Instant Pot Applesauce Recipe

Who's the sauce?

In this recipe, we combine two of our favorite things: the Instant Pot and applesauce. (Who doesn't love a bowl of applesauce?) Granny Smith and Honeycrisp apples come together with a hint of cinnamon and lemon for a dish that's not only easy to make but also—dare we say—healthy.

We like our applesauce a little chunky. The high pressure of the Instant Pot allows the apples to break down into a nice texture without even touching them. However, if you want your applesauce on the smooth side, feel free to blend it to your desired consistency after it cools.

One last secret: Applesauce is even better the next day. Chilling overnight lets the cinnamon and lemon soak into the sweet and tart apples even more.

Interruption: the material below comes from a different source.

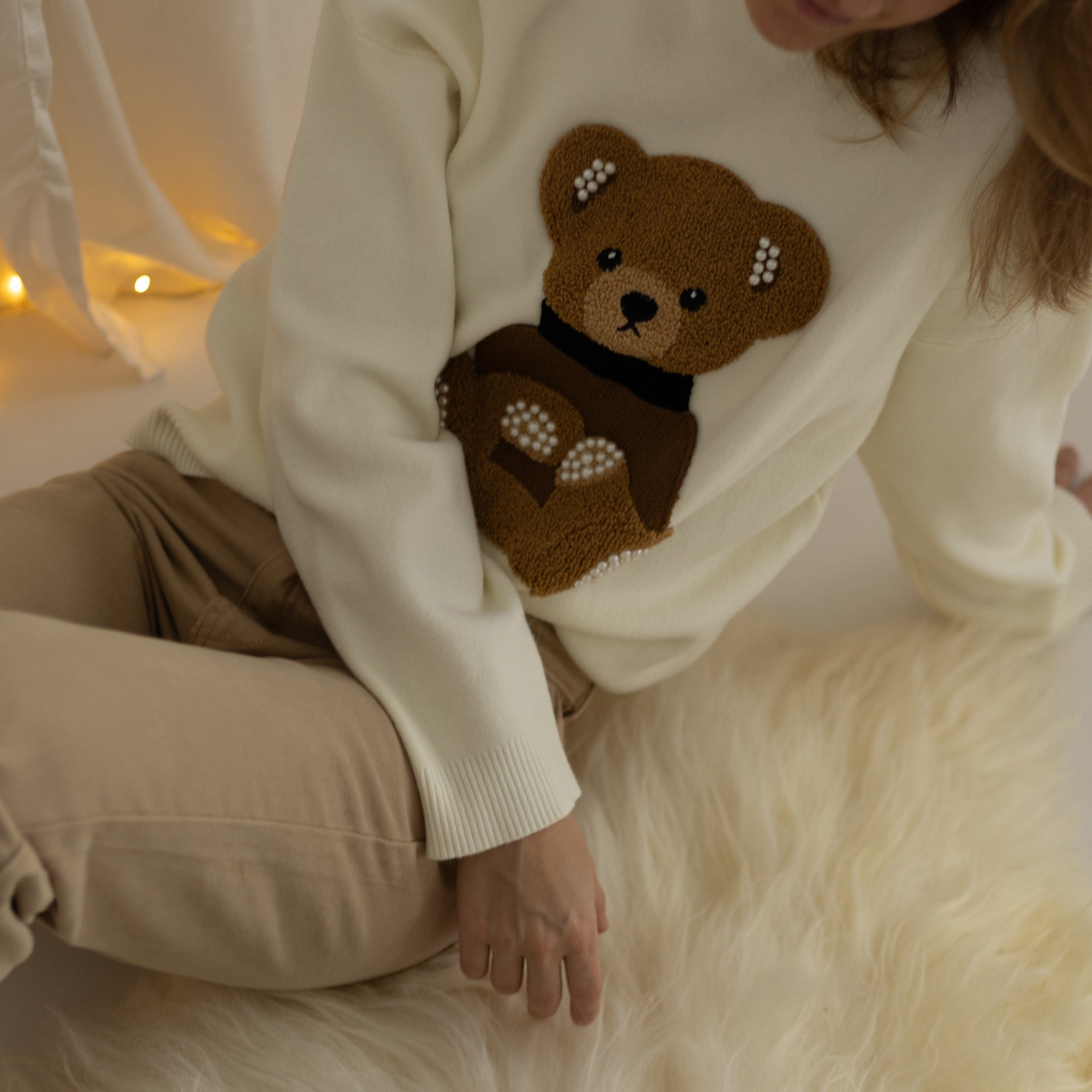 Pulover z motivom medvedka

Check out our favorite Instant Pot recipes.

Recipe from the Tasting Table Test Kitchen

Instant Pot Applesauce
4.6 from 40 ratings
You're just eight minutes away from homemade cinnamon-spiced applesauce, thanks to the Instant Pot. Get the full recipe at Tasting Table.
Prep Time
10
minutes
Cook Time
10
minutes
Servings
5
cups
Total time: 20 minutes
Ingredients
  • 2 pounds (4 large) Granny Smith apples—peeled, cored and roughly chopped
  • 2 pounds (4 large) Honeycrisp apples—peeled, cored and roughly chopped
  • 1 cup water
  • 1 teaspoon lemon zest
  • ½ teaspoon ground cinnamon
  • ¼ teaspoon kosher salt
Directions
  1. In the bowl of an Instant Pot, combine all of the ingredients and toss to mix. Close your Instant Pot, setting according to the manufacturer's directions, and cook over high pressure for 8 minutes. Once the Instant Pot has completely cooking, transfer the applesauce to a bowl and let cool completely. Stir to combine, then serve or store in a sealable container in the refrigerator.
Nutrition
Calories per Serving 251
Total Fat 0.8 g
Saturated Fat 0.1 g
Trans Fat 0.0 g
Cholesterol 0.0 mg
Total Carbohydrates 62.5 g
Dietary Fiber 12.0 g
Total Sugars 45.3 g
Sodium 124.6 mg
Protein 1.6 g
The information shown is Edamam’s estimate based on available ingredients and preparation. It should not be considered a substitute for a professional nutritionist’s advice.